Empat Puluh Lima

1K 53 3
                                    

Ada dihadapan atau dalam angan, di beranda rumah atau dalam doa kau tetap ilusi yang bodohnya tetap aku hidupi.

***

Edgar menggeret Qinar keluar dari loker dan menghempaskan tubuh Qinar begitu saja hingga punggung gadis itu membentur tembok dan membuatnya meringis menahan nyeri disekujur punggungnya.

Qinar menatap Edgar dengan penuh pertanyaan diotaknya dan menerka nerka apa kesalahannya kali ini hingga membuat saudaranya itu murka padanya. Dan jujur, Qinar merasa tidak melakukan apapun.

"Lo gak usah pura-pura bego!" bentak Edgar dengan suaranya yang sudah naik satu oktaf.

Untung saja KBM masih berlangsung sehingga tidak ada anak anak yang akan menonton berdebatan mereka. Ralat, bukan perdebatan melainkan kemarahan Edgar pada Qinar.

"Apa? Aku gak ngerasa ngelakuin kesalahan." Qinar menjawabnya dengan santai.

Edgar mengepalkan tangannya dan meninju tembok yang berada disebelah Qinar hingga gadis itu memejamkan matanya karena terkejut. "Jangan berlagak bodoh deh lo!"

Qinar memang tidak merasa melakukan kesalahan apapun hari ini, jadi untuk apa ia berbohong pada Edgar. "Bodo amat."

Qinar hendak menjauh dari Edgar tapi, tangan Edgar sudah berhasil menjangkau pergelangan tangannya hingga Qinar pun menatap tajam Edgar. "Apa?!"

"Lo kan yang udah ngebongkar semuanya! Kalau kita saudara!" balas Edgar to the point.

"Bukan aku." Dan lagi lagi Qinar menjawabnya dengan santai.

Edgar mencengkeram kuat lengan Qinar dan membuat cewek itu merintih kesakitan. "Gue udah pernah bilang ke lo buat tutup mulut dan jangan pernah kasih tau ke siapapun kalau lo saudara gue!"

Qinar menyentak tangan Edgar dengan paksa dan menatapnya tajam. "Semua bakal kebongkar pada waktunya!"

"Terus, siapa kalo bukan lo?!" tanya Edgar sarkastik. "Sedangkan yang tau cuman gue sama lo disekolah!"

Qinar menatap Edgar tak percaya, sebegitu bencinya saudaranya itu padanya hingga ia lupa kalau ia pun sudah memberi tahu kepada temannya sendiri.

"Sepintar apapun menyembunyikan rahasia, pasti semua bakal ke ungkap dengan sendirinya!" balas Qinar dengan mimik wajah datarnya.

Plak!

Edgar menampar pipi kanan Qinar meluapkan emosinya yang sejak tadi ia pendam. "Gue gak bakalan segan segan bunuh lo kalau satu sekolah tau lo saudara gue!"

Qinar memegangi pipinya yang terasa panas akibat tamparan keras dari Edgar. "Sebegitu bencinya kamu sama aku?!"

"Iya!

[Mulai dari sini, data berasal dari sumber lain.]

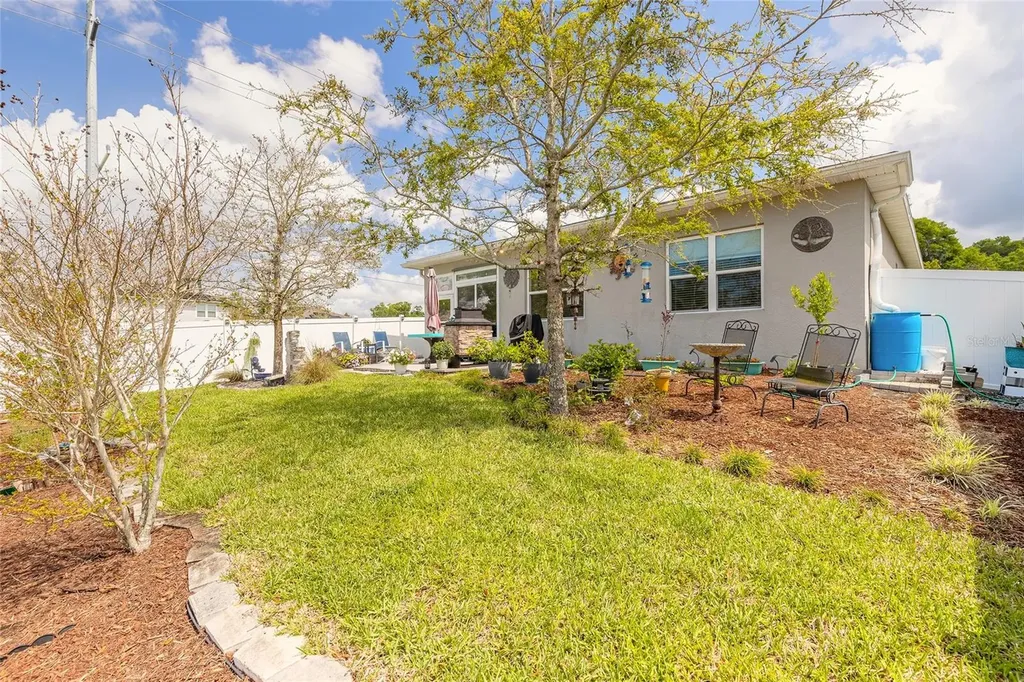 1094 River Falls Circle Deland FL 32720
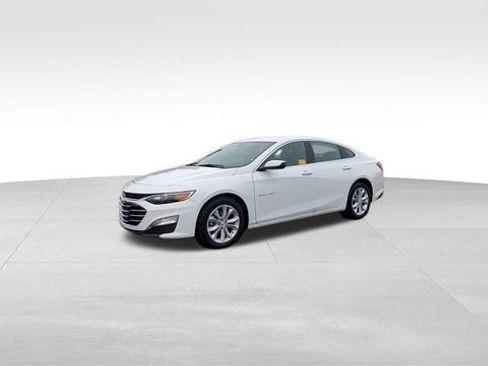 Used 2025 Chevrolet Malibu LT image 4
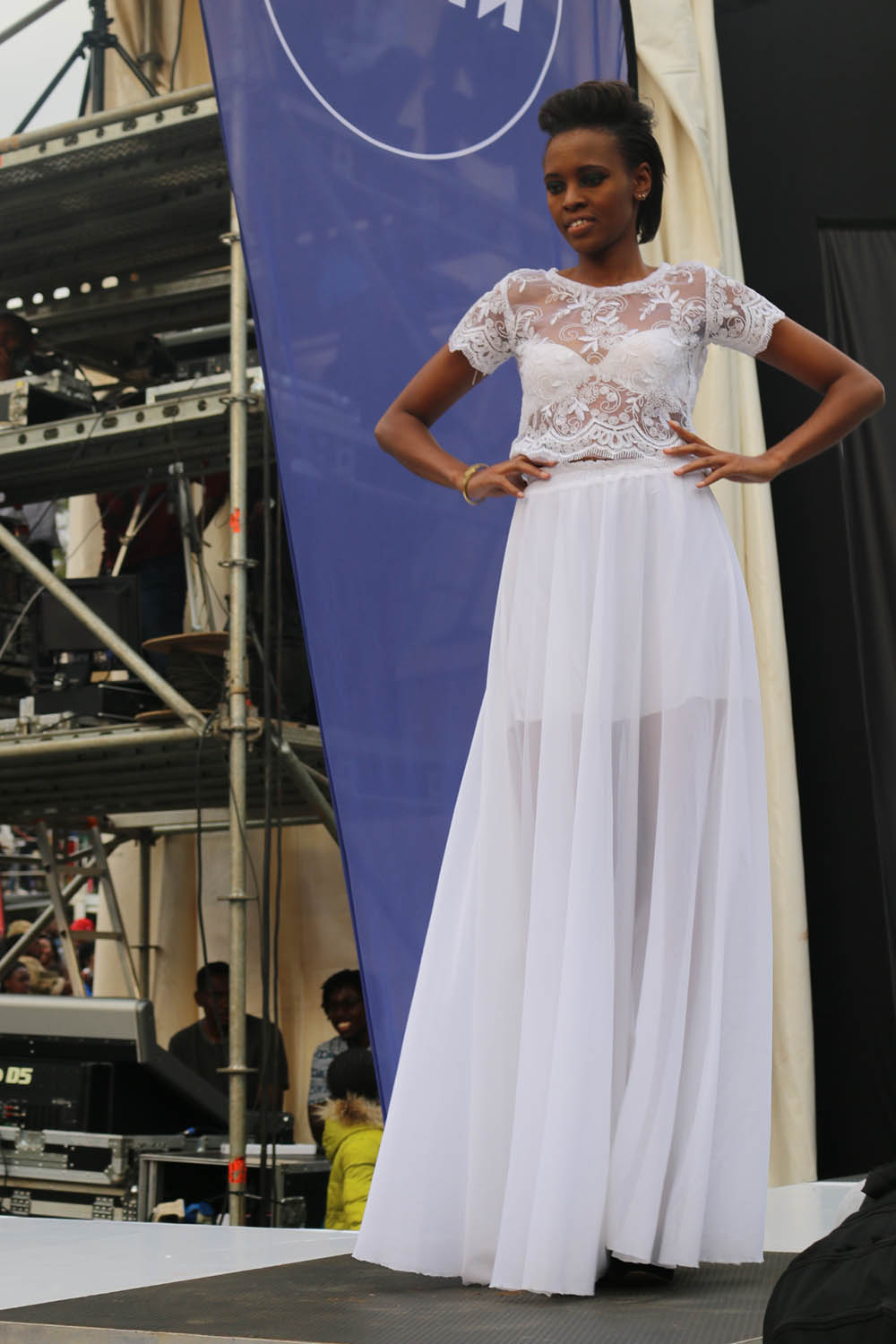 Blankets and Wine July 2016_Fashion show3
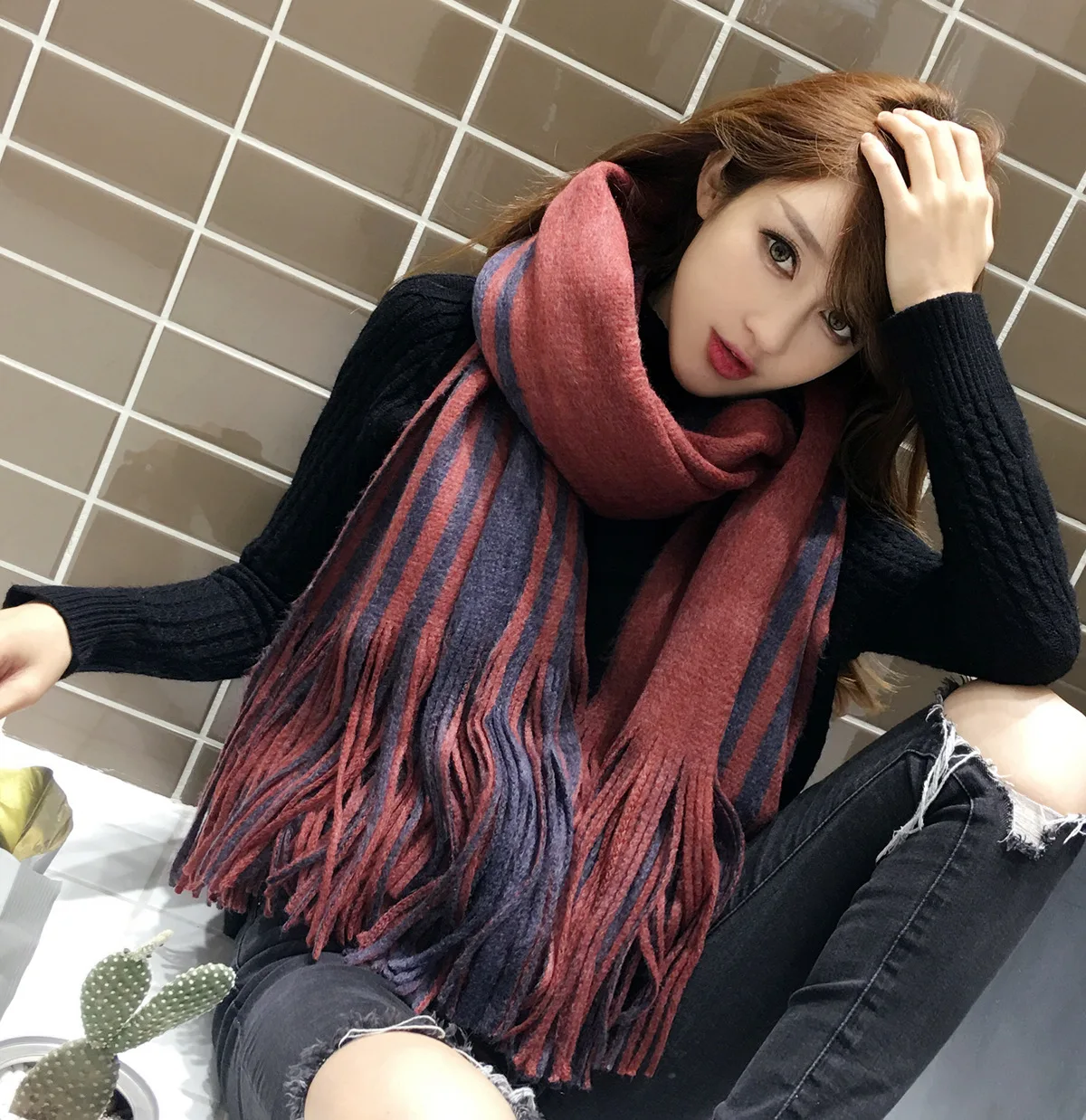 Autumn and Winter Double Striped Tassel Scarf Female Winter Thick Double - Sided Cashmere Shawl Scarf
Autumn and Winter Double Striped Tassel Scarf Female Winter Thick Double - Sided Cashmere Shawl Scarf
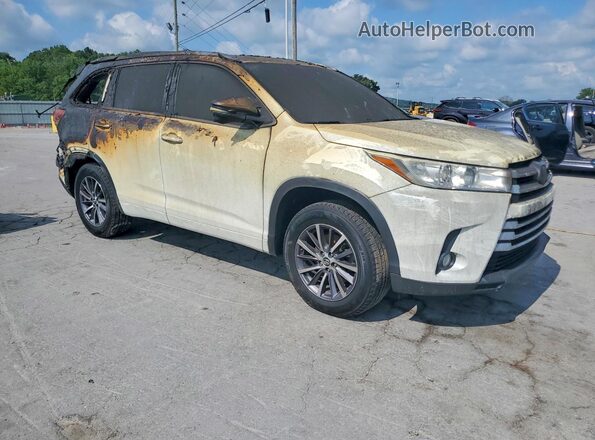 5TDKZRFH8HS187819 2017 TOYOTA HIGHLANDER White Delantero derecho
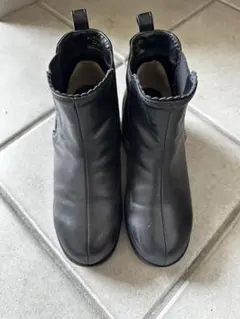 Item thumbnail for item 2080503d-aba8-4dbe-b739-1c91d6a2f5cd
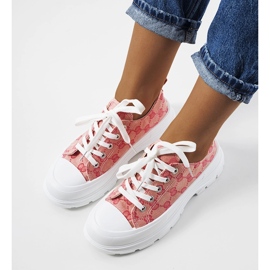 Rózsaszín és bézs színű tornacipő a Waters-től 1 Rózsaszín és bézs színű tornacipő a Waters-től 1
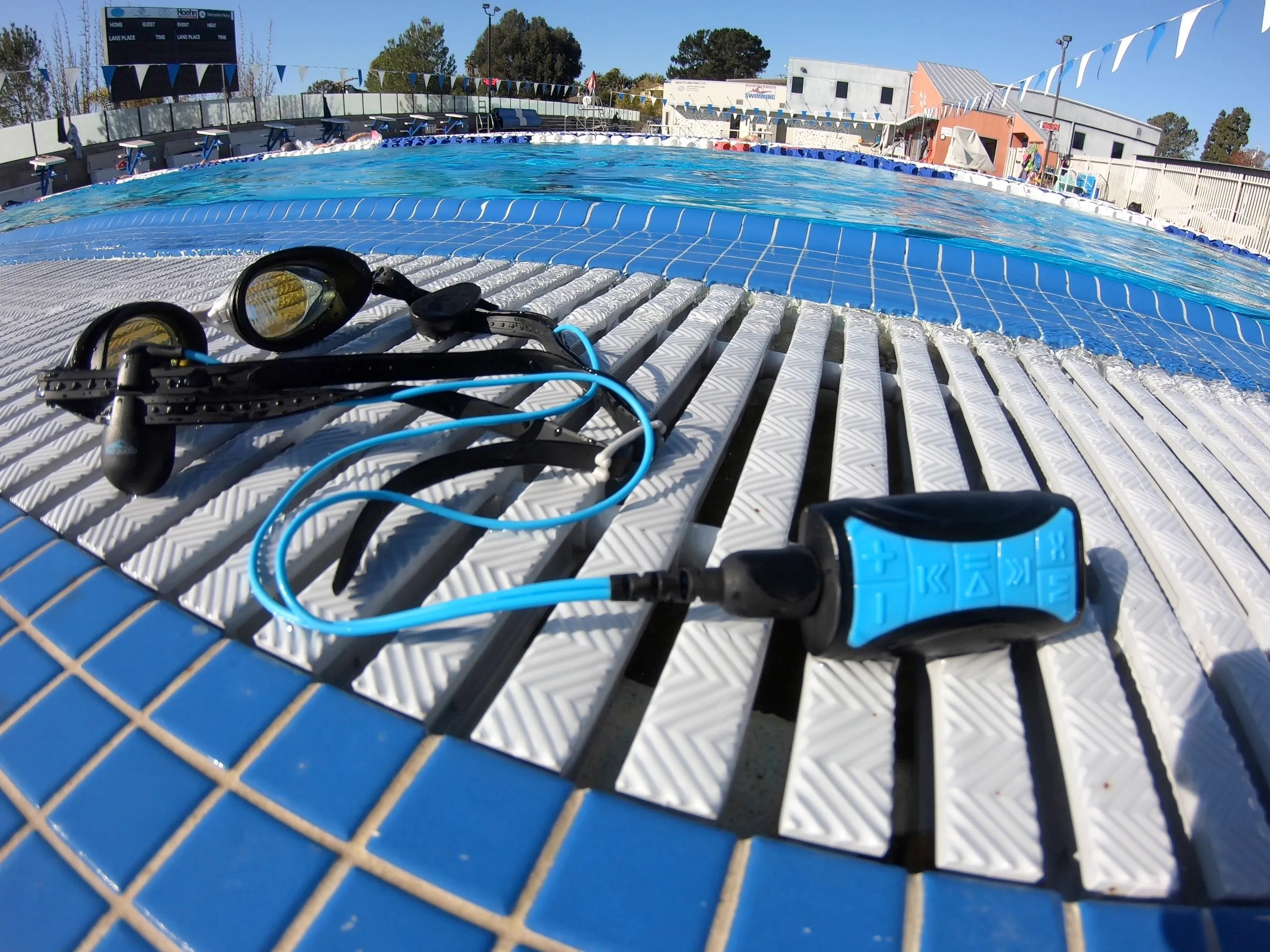 STREAMDM - Waterproof MP3 player with Bluetooth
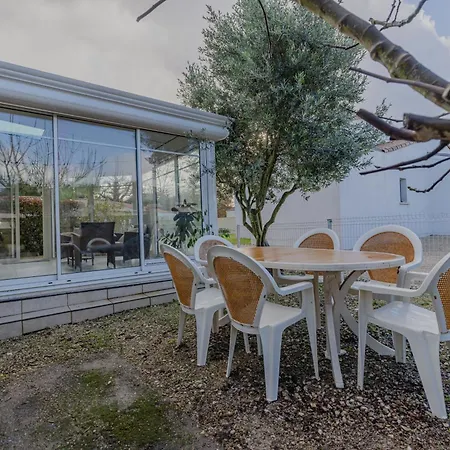 Holiday home Charmante Maison Au Calme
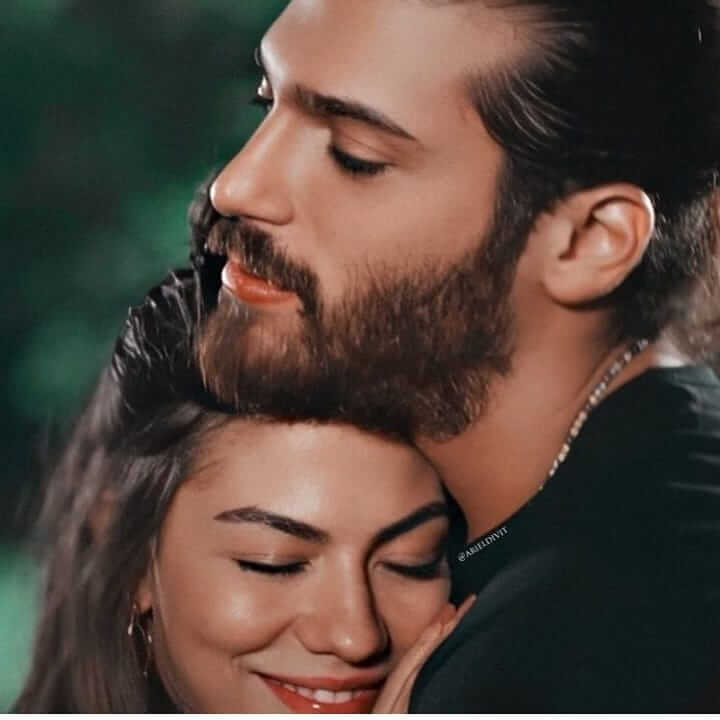 Can Yaman and Demet Ozdemir Series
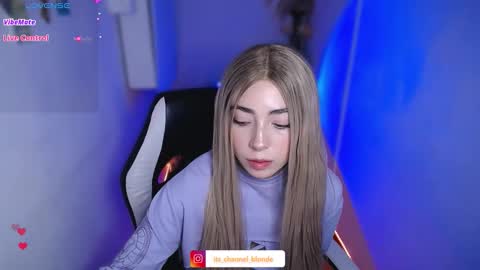 Snapshot of channel_blonde_a chatting on November 2025 07:49:02 PM channel_blonde_a online show from November 2025 07:49:02 PM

Karena gue malu punya saudara penyakitan dan kelainan kepribadian kayak lo! Dan gue gak akan anggep lo saudara sampai lo mati sekali pun! Lo itu pembawa sial di keluarga gue!!" sentak Edgar membuat mata Qinar memanas.

"Jangan pernah menyesal pernah mengatakan itu!" tukas Qinar bersusah payah menahan air matanya yang hampir jatuh.

Edgar tertawa sinis. "Gue gak akan pernah nyesal! Gak usah berharap terlalu tinggi. Ngaca diri lo siapa? Apa yang perlu disesali kalau kehilangan saudara kayak lo. Justru itu jadi kesenangan tersendiri buat gue."

"Sampai kapan gak mau nerima kenyataan?" Qinar bertanya dengan suara yang bergetar.

"CUKUP! Gue bilang cukup! Gue benci sama lo dan sampai kapan pun gue gak bakal nerima kenyataan kalau kita saudara! Lo camkan itu!" tegas Edgar dengan mata yang dipenuhi kabut kemarahan.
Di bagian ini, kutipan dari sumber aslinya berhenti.